The best in interactive multimedia was feted at the British Interactive Multimedia Association’s awards this week.
Disney Interactive picked up two awards for the Early Learning and Home Learning categories – the only group to win more than one award.
Other winners were: Edward Briscoe Design for British Airways; Amaze’s guide to X-ray micro-analysis for Oxford Instruments; PerfectWorld Programs’ big budget CD-ROM production for Mercury International; Ogilvy & Mather and Antirom with a CD-ROM for Guinness; Delve for Global Assets Management; and the Bank of Montreal in conjunction with ICE for the bank. The Consumer Information Services award went to an in-house BBC News website.
Other winners include: Institute of Race Relations’ Home Beats: Struggles for Racial Justice; Cyan for Red Orb Entertainment; Epic Group for WebZone and Microsoft’s Encarta 98.

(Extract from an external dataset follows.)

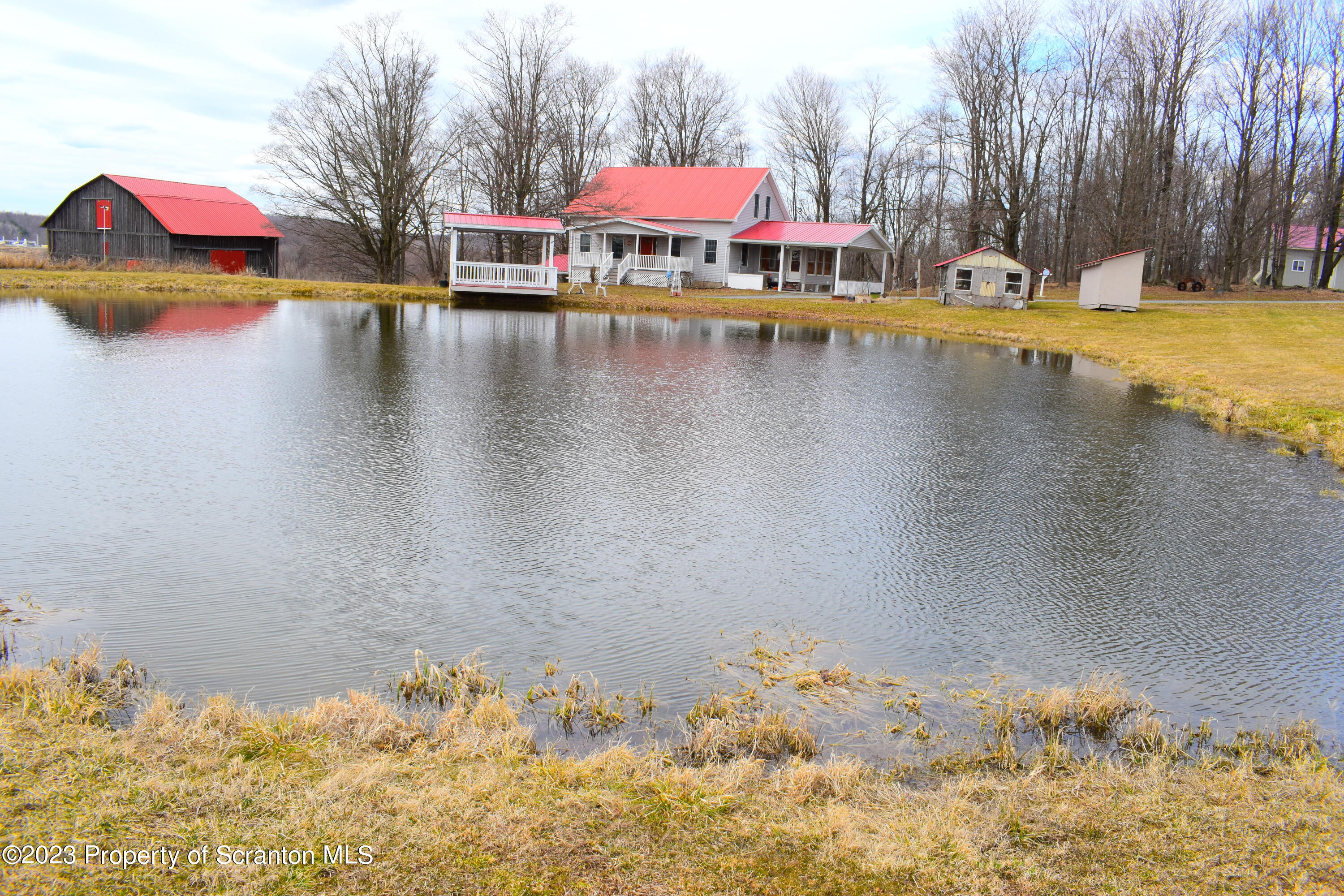 42 South Lott Road Meshoppen, PA 18630 - Photo 3 of 76 a view of a swimming pool with an outdoor space and seating area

Jane Callaghan, who co-ordinated the judging, says of multimedia: “The issues are the same as they were 14 years ago. It is in terms of the technology that things have moved.”
The judges found that business applications are informed by Internet culture. Callaghan says “they tend to be jokey and a bit anarchic”.
In the past few years consumer multimedia has virtually collapsed, says Callaghan. Industry is prepared to pay realistic prices (often 250 000) on developing a multimedia product. This year’s BIMA has seen bespoke products for internal consumption and business-client use.